Demystifying Merchant Banking: A Beginner's Guide
- Rathi
- May 28, 2024
- 2 min read
Updated: Jun 25, 2024
Who Are Merchant Bankers?

A merchant banker is a professional who helps businesses with various financial tasks, such as selling securities (like stocks and bonds). They play an important role by assisting companies in raising funds, managing stock issues, providing stock broking services, and offering international financial advice.
Types of Merchant Bankers
The Securities and Exchange Board of India (SEBI) categorizes merchant bankers into four groups:
Category I: These bankers can manage public stock issues, provide advice, consult, underwrite, and manage investment portfolios.

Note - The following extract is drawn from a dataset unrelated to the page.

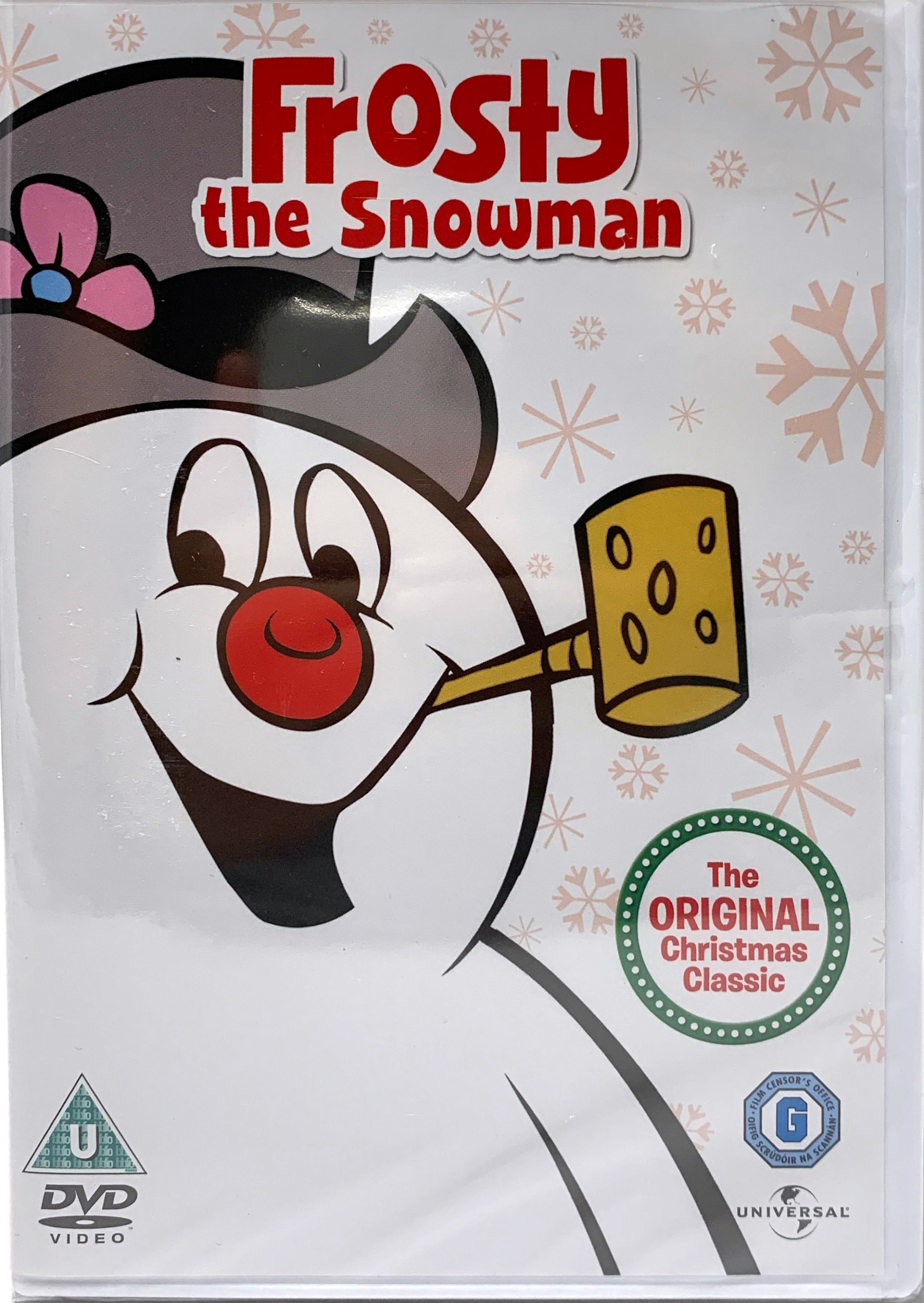 Frosty the Snowman Original Christmas Classic DVD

Category II: These bankers can advise, consult, underwrite, and manage portfolios, but they can't independently manage public stock issues. They can assist as co-managers.
Category III: These bankers can only provide advice, consult, and underwrite. They can't manage public stock issues or portfolios, nor can they act as co-managers.
Category IV: These bankers can only provide consulting or advisory services related to stock issues.
How Do Merchant Banks Operate?
Merchant banks mainly work with large, established companies needing help with complex financial tasks such as mergers, acquisitions, and initial public offerings (IPOs). Their services include:
Underwriting: Taking on the risk of buying new securities from a company and selling them to investors.
Corporate Finance: Assisting companies in managing their financial strategies.
Securities Trading: Buying and selling securities for clients.
Advisory Services: Offering expert financial advice to companies.
Merchant banks also offer investment and asset management services for wealthy individuals and families, charging higher fees due to their specialized expertise. Sometimes, they invest directly in the companies they help, leading to potential profits.
Merchant banks can operate independently or as part of larger financial institutions, such as investment or commercial banks. The industry has evolved with new regulations and market changes, influencing how these banks work and serve their clients.
Benefits of Merchant Banking
Risk Management: They help clients manage market risks through strategies like hedging and insurance.
Expertise: They offer valuable strategic advice based on deep knowledge of financial markets.
Networking: Their extensive networks connect clients with investors, corporations, and other financial institutions.
Global Reach: Their international presence helps clients expand globally and access foreign markets.
Customized Solutions: They provide tailored financial solutions to meet each client's unique needs.
Long-term Relationships: They build lasting relationships with clients, offering continuous support and advice.
Merchant banks simplify complex financial tasks and provide specialized services, playing a crucial role in helping businesses grow and succeed.